Vaid urges gay/lesbian rights movement to think locally

The paradoxes currently surrounding the lives of lesbian, gay and bisexual people were a primary theme of an Oct. 11 address at Emory by Urvashi Vaid, former executive director of the National Gay and Lesbian Task Force.

Part of Emory's observance of National Coming Out Day, Vaid's appearance was sponsored by the Office of Lesbian/Gay/Bisexual Life, as well as OutWrite Books in Midtown and Charis Books & More in Little Five Points. Vaid's Emory address was the first stop on a 33-city tour to promote her first book, Virtual Equality. Adding another element of the paradoxical to the event was its occurrence on National Coming Out Day, a time when many gays and lesbians choose to reveal their sexual orientation to people they had not previously told. Vaid told the audience of about 350 faculty, staff, students and visitors that the line "Our dream of safety has to disappear," from the late gay poet W.H. Auden's poem "Leap Before You Look," speaks to the paradoxes surrounding the lives of gays and lesbians in America today. Happiness over unprecedented successes, Vaid pointed out, must be tempered with a realization of the difficulties that still remain in society for gays and lesbians.

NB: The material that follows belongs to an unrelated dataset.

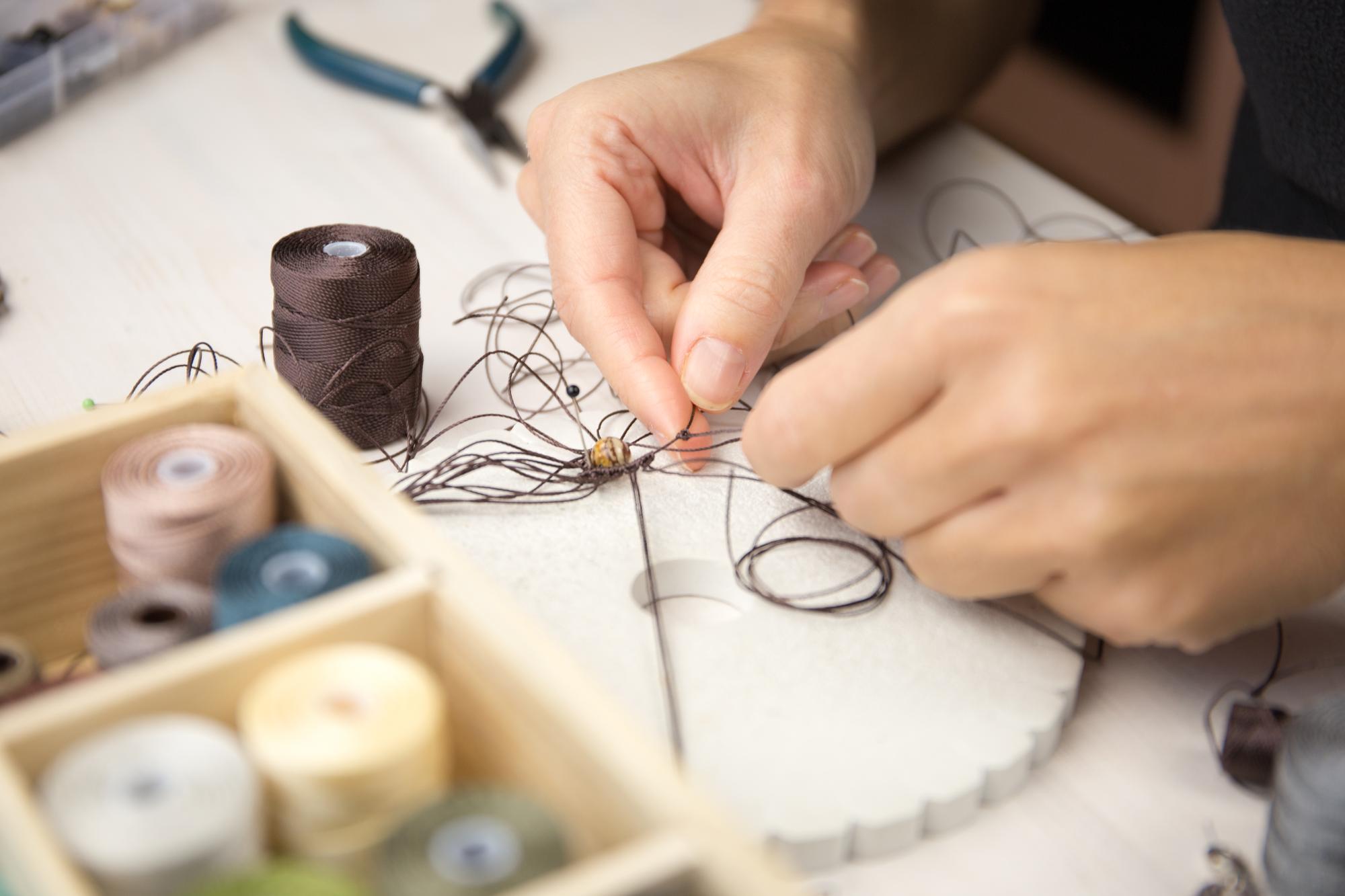 Workspace with thread spools and sketches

Gays and lesbians, Vaid said, have the highest level of public visibility in history and the highest level of public support for their civil rights, as well as political access to President Bill Clinton. "That seeming progress is conditional and illusory," Vaid said. "There is still a pervasive lack of understanding about our lives. Our national movement has been unable to win on any issue it has brought before Congress. And most of us are still in the closet."

While the gay rights movement has dramatically advanced the cause of gay/lesbian rights in America, the movement's successes are accompanied by difficult challenges. Three of the challenges that Vaid addresses in her book include:

*The limitations of a civil rights paradigm in advancing the gay rights movement: "I absolutely believe in equal protection under the law and non-discrimination for the gay/lesbian community," she said. "But a civil rights paradigm cannot address problems such as moral and religious condemnation, and community and family rejection. Vaid called on the gay movement to shift its focus from civil rights to cultural transformation, in which gays and lesbians at the local, grassroots level concentrate on fostering understanding of gays and lesbians within their own communities.

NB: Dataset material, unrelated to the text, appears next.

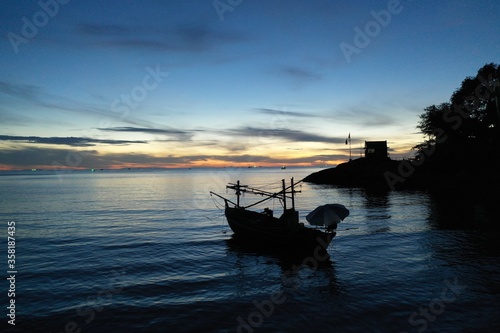 Fishing boat as the sunrises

*Class, race and gender divisions within the gay movement and the gay community: "The national gay movement has become dependent on a handful of people who created the movement's agenda," Vaid said. "I am arguing for a more democratic movement built around the formation of local chapters and involving people at the local and neighborhood levels."

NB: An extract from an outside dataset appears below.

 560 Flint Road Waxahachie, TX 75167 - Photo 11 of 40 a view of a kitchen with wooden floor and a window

*Structural problems with the gay movement: "The national gay movement is top-heavy, and it's weak at the state and local level," said Vaid. "But we are at a place as a people and as a movement where we can create stronger state movements. I believe in the power of the vote and in the power of a group of people who organize to leverage that vote. That's what the Christian right has done. They're organizing and recruiting, and we've got to do the same thing."

Vaid said she envisions an organizational structure with precinct captains who keep in close contact with 20 or so households in their neighborhoods, making sure those households are aware of the contributions that gays and lesbians make to their larger communities and of the issues the gay community is dealing with. "That's a manageable structure," she said. "That's traditional political organizing: building a base of support right where we live. With the Republican Congress in office, so many issues are being pushed to the state and local level. Marriage and domestic partnership are state and local issues. So is non-discrimination, parenting, adoption. Let's rethink our framework and focus ourselves on the state and local levels."